19 September 2024
Federal Open Market Committee (FOMC)
- The Federal Reserve (Fed) cut the Fed Funds Rate (FFR) by 50 basis points to a range of4.75%-5.00%, somewhat in line with market expectations that had priced in a 60% chance leading up to the meeting. However, the US Treasury (UST) experienced some “selling on the news” price action as market participants took profits, which consequently led the UST 10-year yield to rise to 3.72%.
- The Fed’s statement shifted its focus from inflation to a slowing jobs market. Phrases like“inflation has made further progress” and “gained greater confidence that inflation is moving sustainably towards 2%” indicate a greater comfort level from the Fed in achievingtheir “stable prices” mandate. However, their acknowledgment that “job gains have slowed” reflects concerns that justify a pre-emptive large move towards a less restrictive policy rate.
- The Fed projects more cuts in response to a softer job market. The dot plot projections now imply two 25-basis-point cuts in 2024, up from one cut guided in June. A further full 1% cut is implied for 2025. This aligns with the Fed’s revised view of a higher unemployment rate in 2024, now projected at 4.4%, up from 4.0% in June. Meanwhile, the core personal consumption expenditure (PCE) rate in 2024 is projected to be softer at 2.6% (down from 2.8% in June).

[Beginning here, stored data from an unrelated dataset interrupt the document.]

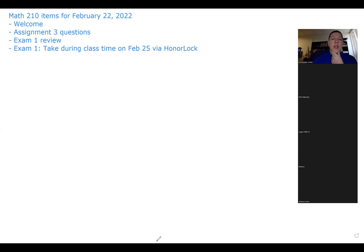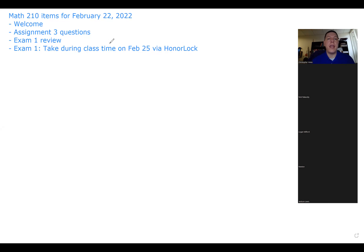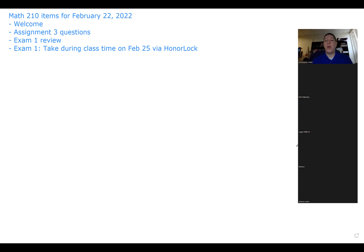Alright, we're recording - don't say anything you wouldn't say in front of a priest or a rabbi. Agenda for today: assignment three questions - go through any problems you guys might have had with assignment three. We have our examination on Thursday, taken during class time via HonorLock. I'll remind everybody where to go, show an overview, talk about the types of questions you should be reviewing. Open the floor now for any questions about assignment three - put it in the chat or shout it out.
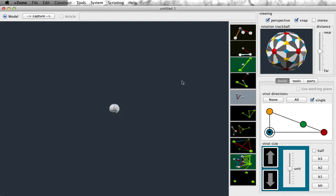My name is VZome, the author of VZome. In this video, I'm going to show you how to generate 4D polytopes with VZome.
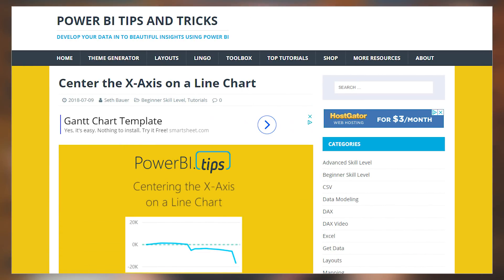Seth Bauer's got a short tutorial for you on how you can center the x-axis on a line chart. This is actually a pretty interesting thing, and you may have run into this yourself. They've got a video that will walk you through what this is. He's going to show you how to do this, and he's also going to give you the DAX expressions that he used to actually make this happen. So if this is something you're interested in, be sure to check out this video and blog post — links down below.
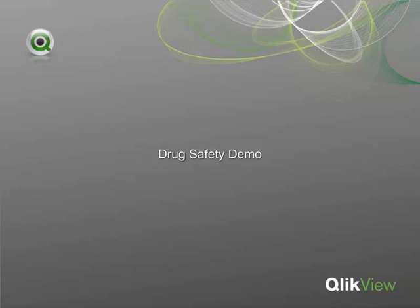Hello and welcome to the Drug Safety Demonstration. The Drug Safety Application compiles data reported through the FDA's Adverse Event Reporting System. The FDA provides this data on a quarterly basis. By uploading these files into QlikView, users are given the opportunity to view the data reported over multiple years in a single user interface.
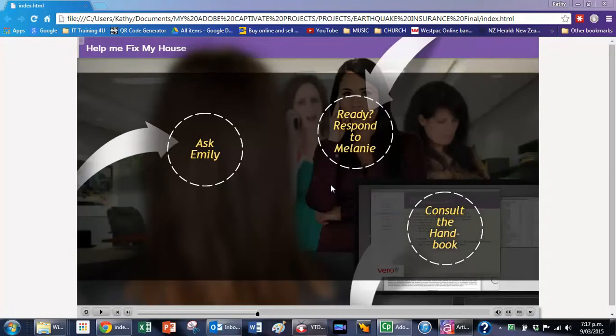Right here we have an Adobe Captivate project and on this particular slide I'm going to demonstrate some of the abilities of Adobe to branch.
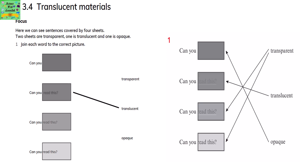Can you read this? You can read it — what is written on the sheet is readable, so it is translucent. Can you read this? It is slightly more readable compared to the previous one, so it's transparent. Can you read this? It is very much visible, so it is a transparent material.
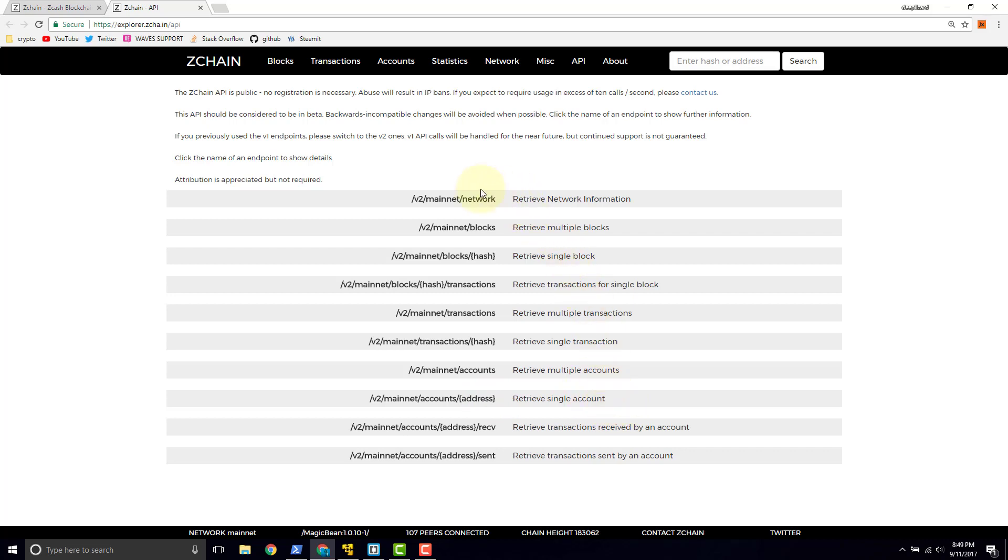Each one of these endpoints is just another tool in the toolbox that a developer could use to add information to their app about the Zcash blockchain. See here, there's retrieve network information, retrieve the blocks, retrieve a single block, retrieve the transactions. All of this information, if you wanted it in your app, you would use this API to actually get that data.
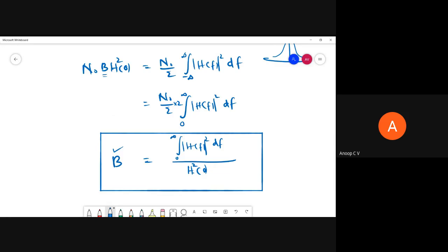The noise equivalent bandwidth is defined as follows: if you have an arbitrary filter that gives some noise power P_n at the output, the noise equivalent bandwidth is the bandwidth B of an ideal low pass filter that would give the same noise power output. This is analogous to the noise equivalent temperature concept discussed earlier.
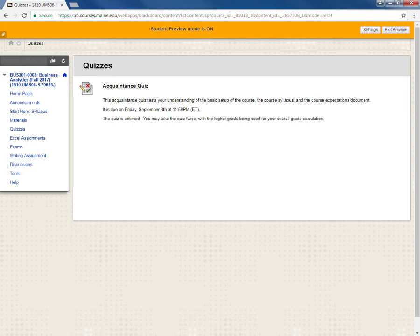So you can take each quiz twice with the highest grade counting towards your overall course grade. You will probably get different questions on each particular attempt for any particular quiz. So if you take a quiz a second time please be sure that you read the questions carefully so that because they will probably be different than the previous attempt.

- The press conference justified the magnitude of this cut but kept the future pace ambiguous. While stating that “upside risks to inflation have diminished and downside risks to the labour market have risen” (in reference to downward revisions in payroll data), Fed Chair Powell downplayed the 50-basis-point cut in future meetings, saying, “No one should look at today and think this is the new pace,” and “If the economy remains solid, we can dial back the pace of cuts; equally, if the labour market deteriorates, we can respond.”
Opus View
- More rate cuts are expected. We believe that the initial 50-basis-point cut was a preemptive response by the Fed, partly motivated by leading signs of softening economic sentiment, as indicated by anecdotal surveys in their recent Beige Book. The Fed’s base case is to bring FFR rates back down to neutral, projected at 2.9% (longer-run rates), ensuring a soft-landing scenario. While the trajectory appears somewhat clear, volatility may still persist if there is a significant weakening in the labour market, prompting aggressive market re-pricing of faster cuts or lower neutral rates. The policy implications from the US election outcome on the US fiscal deficit will be closely monitored.
- The easing cycle is supportive of our bond market. As the US joins other developed economies in their easing cycle, this provides more room for emerging market central banks to ease without severely depreciating their currencies. While we still expect the Overnight Policy Rate (OPR) set by Bank Negara Malaysia (BNM) to remain at 3.00% in 2024, the potential for a downside adjustment in OPR next year and the narrowing yield differential with the US will bode well for our local bond market.